Questo significa che il freno ad uno sviluppo delle aree autonome palestinesi
deriva da tre fattori: il primo è la natura stessa dell'A.P., ed
è legata alla sua ideologia di borghesia "compradora",
e poi ci sono lo stato sionista e i paesi "donatori".
Per questo non possiamo sperare in uno sviluppo (economico e sociale)
nel tempo presente. Quindi il punto su cui dobbiamo concentrarci è
nel tentare di portare avanti un'opera di "rieducazione" della
gente, verso nuove forme di lotta.

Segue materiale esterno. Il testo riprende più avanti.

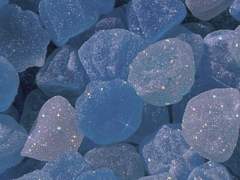 몽환 체계, 安 定郵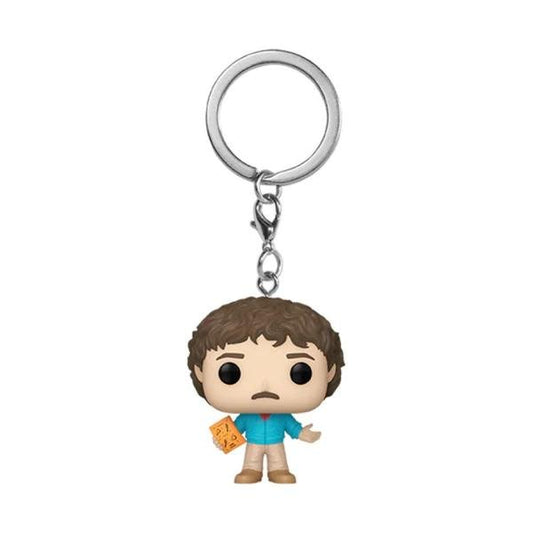 Friends - 80's Ross US Exclusive Pop! Vinyl Keychain - Gametraders Modbury Heights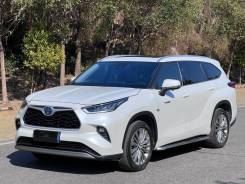 Toyota Highlander ����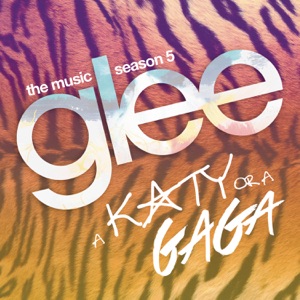 Glee Cast - Marry the Night (Glee Cast Version) (feat. Adam Lambert) - Line Dance Music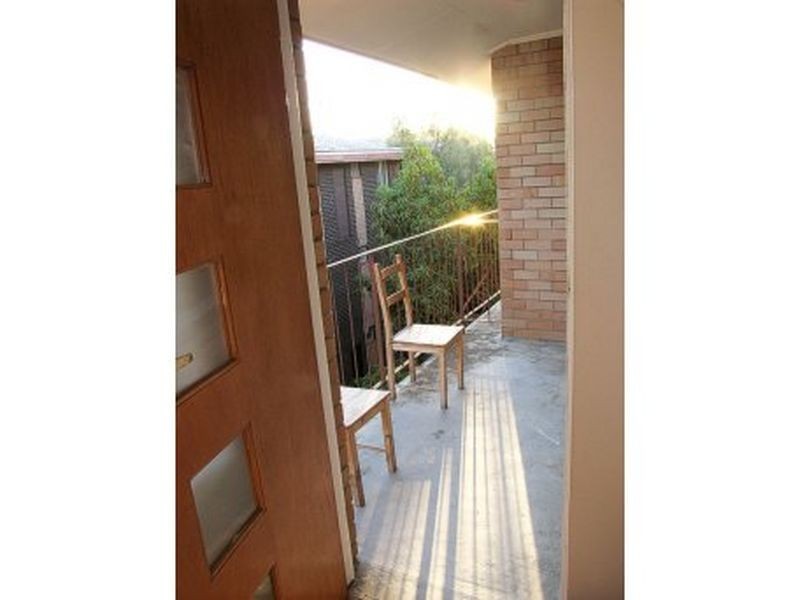 37/308 Stirling Street, Perth WA 6000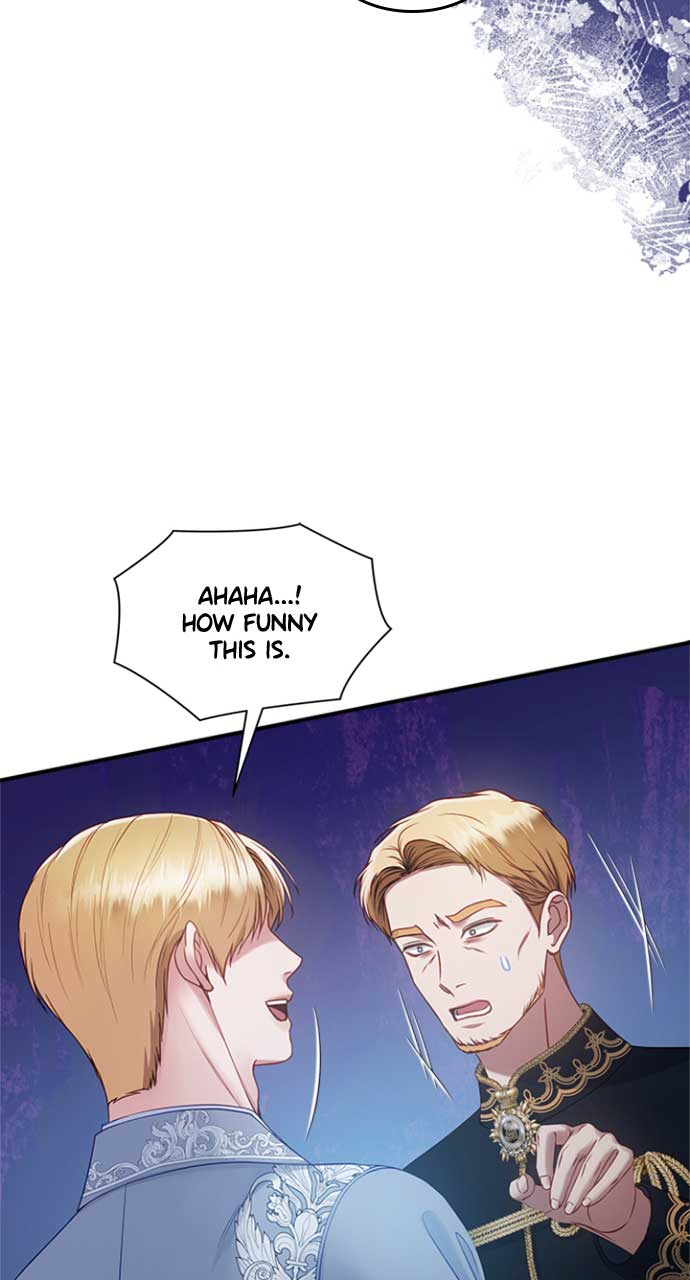 What Does That Evil Dragon Live For? Chapter 88 - Page 36
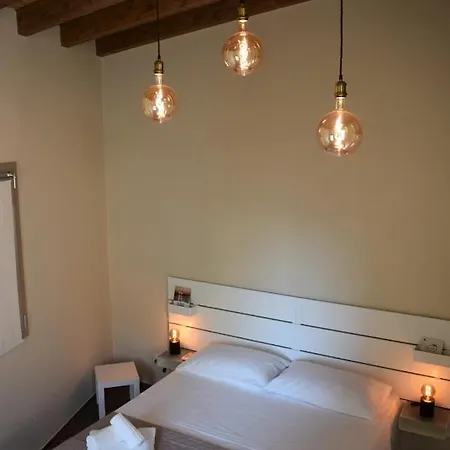 Antica Dimora Santa Sofia Hébergement de vacances Nardò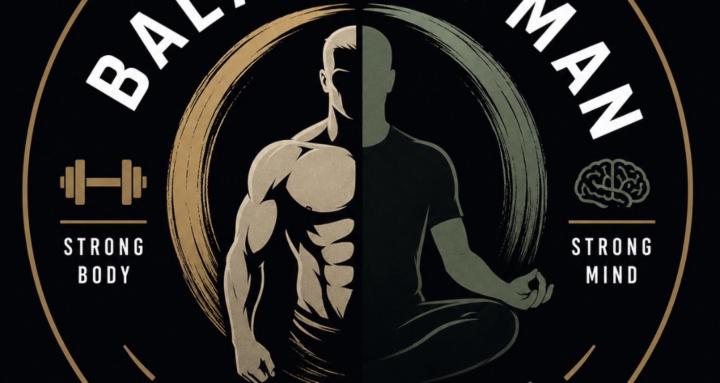The Balanced Man Project 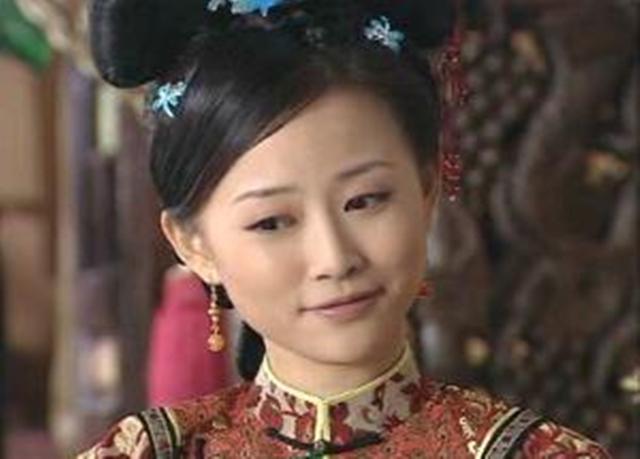 这个女子13岁嫁顺治，一直是傀儡皇后，康熙称帝后，待她如亲妈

Dobbiamo cercare di creare una coscienza
di classe, e dobbiamo partire da questo dato soggettivo a causa delle
condizioni oggettive in cui ci troviamo.
Come è stato il trattamento in carcere, in particolare per lei
e Ahmed Qatamesh, che siete stati trasferiti alla prigione di Gerico?
Sì, noi 2 siamo stati trasferiti nel reparto speciale dei servizi
di sicurezza, altri erano a Nablus, ma nel nostro caso posso dire che
il trattamento non è stato cattivo, non siamo stati trattati duramente,
nè umiliati, nè picchiati. Noi abbiamo protestato per il
fatto di essere stati rinchiusi in prigione, che è un gravissimo
attacco alla nostra libertà.
Come pensate di portare avanti la vostra lotta?
Abbiamo certamente intenzione di continuare a portare avanti la nostra
forma di lotta, ma soprattutto vogliamo stimolare i partiti politici di
opposizione ad assumersi le proprie responsabilità, visto che noi,
come individui, non pensiamo di sostituirci ai partiti o alla classe.
Noi abbiamo solo iniziato questa protesta, abbiamo intenzione di portarla
avanti, ma certamente non da soli. Si dovrà espandere ed allargare.